How to calculate what % faster $x$ is than $y$ I recently automated a process at work. The manual process took $16$ hours ($960$ minutes). The automated process only takes $7$ minutes. How do I calculate how many times faster the new process is? I'm hoping for a formula so that I can apply the same math to many similar scenarios.
 A: All you have to do is calculating $\frac{960}{7}$, wich is around $137.14$
So your new process is $137$ times faster (or in percentage: $13714\%$)
A: Let $P_M$ stand for time taken in the manual process and $P_A$ stand for time taken in the automated process. Let us agree to use minutes as the unit of time. Therefore $P_M = 960$ and $P_A= 7$.
To find how many times faster is the automated compared to the manual, write a ratio: $\frac {P_M}{P_A}$. Substitute the values in for $P_M$ and $P_A$.
So:
$$\frac {P_M}{P_A} = \frac {960}7$$
Therefore, $\frac{960}7$ is the the ratio of the manual time and the automated time, and hence the automated time is $\frac{960}7$ times faster, or approximately $137$ times faster.

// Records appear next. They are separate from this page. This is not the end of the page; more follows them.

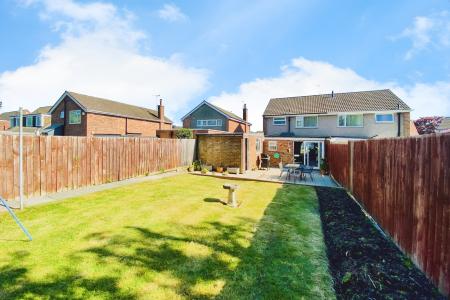 3 bedroom Semi-detached house for sale in Boyers Walk, Leicester Forest East, LE3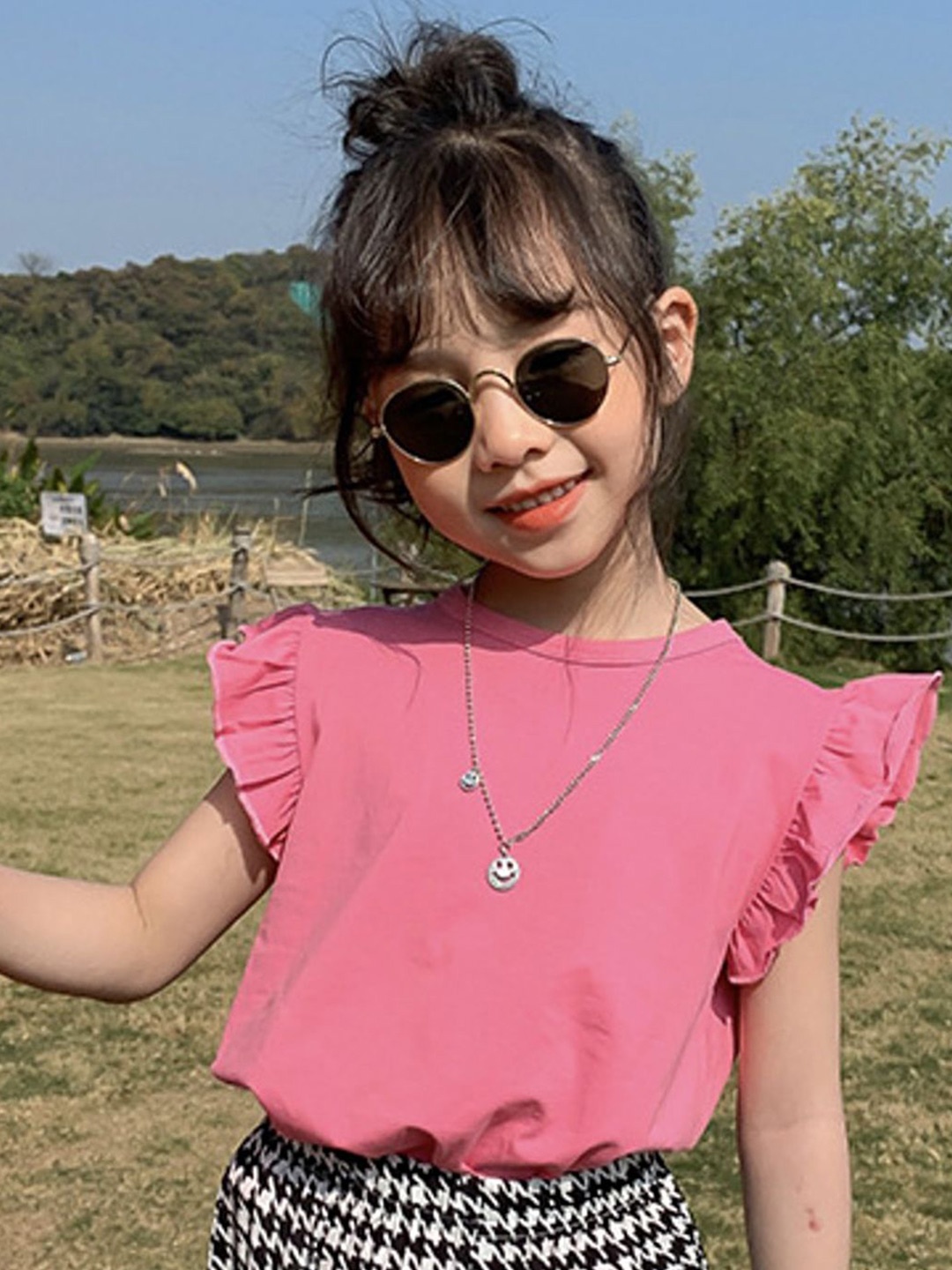 

LULU & SKY Flutter Sleeve Cotton Top, Pink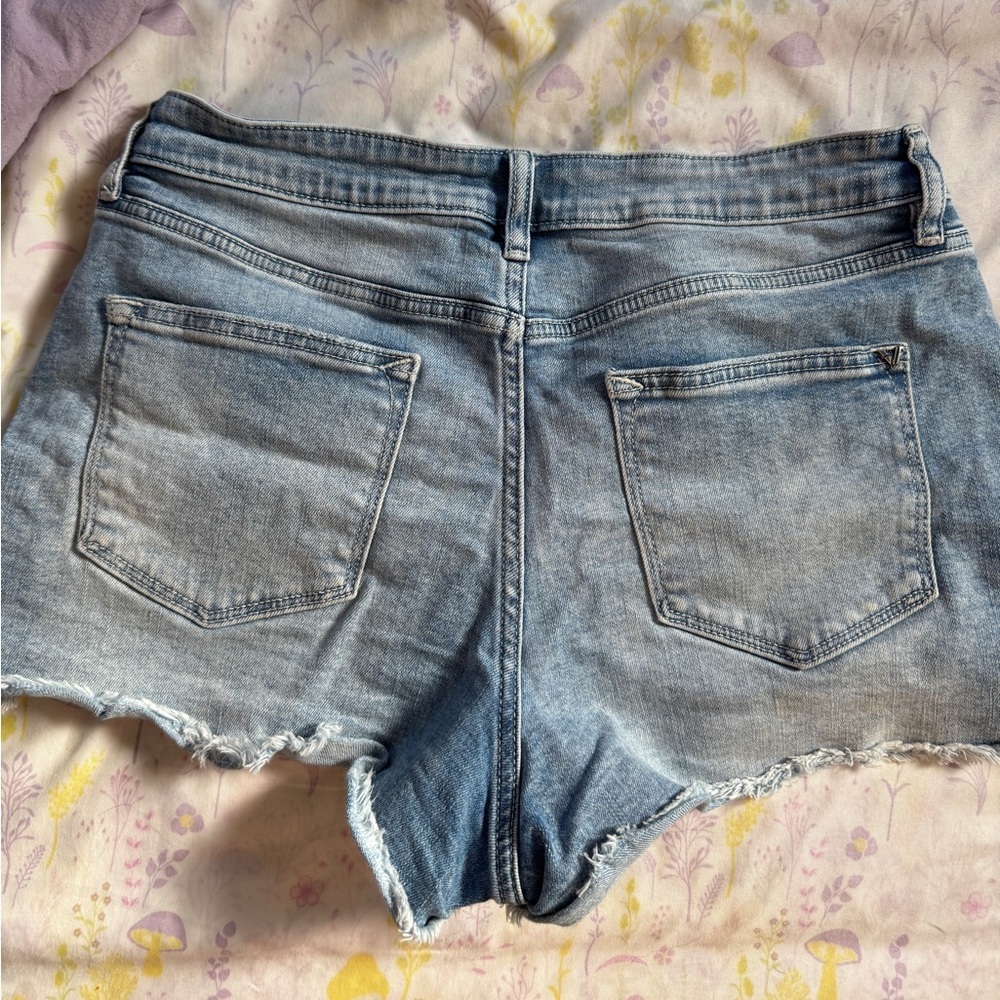 Like new Vigoss Women's Distressed Denim Shorts mid rise sz 29 - Picture 2 of 3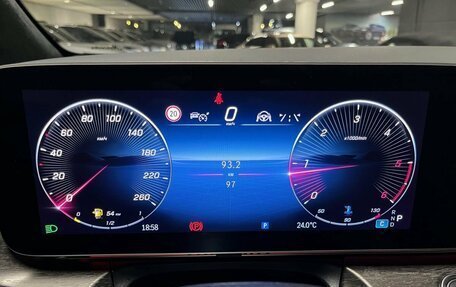 Mercedes-Benz V-Класс, 2024 год, 14 500 000 рублей, 10 фотография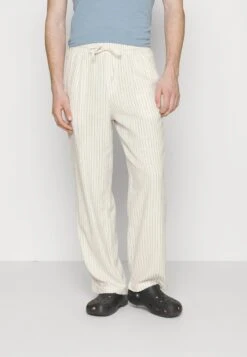 Pier One DRAWCORD TROUSERS - Stoffhose - Off-white -Pier One Store b95eb718ba79473385a4a0d44aaaf9c3 1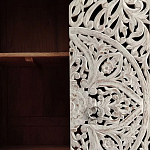 Шкаф с орнаментом ручная резьба из дерева Indian Antique Furniture  варинант исполнения - 3 | Loft Concept в Красноярске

To express this into a percent, note that $100$% faster means double the speed, $200$% faster means triple the speed, and so on.
So, $137$ times faster will be $13800$% faster.
A: All you have to do is to subtract from the 960 minutes the 7minutes and the divide the result by 7. Finally multiply the outcome by 100.
The formula is (X-Xn)/Xn*100 , where X in the manual time spent and Xn is the improved duration.
In your example it seems that the automated procedure resulted in 13614.29 % faster results.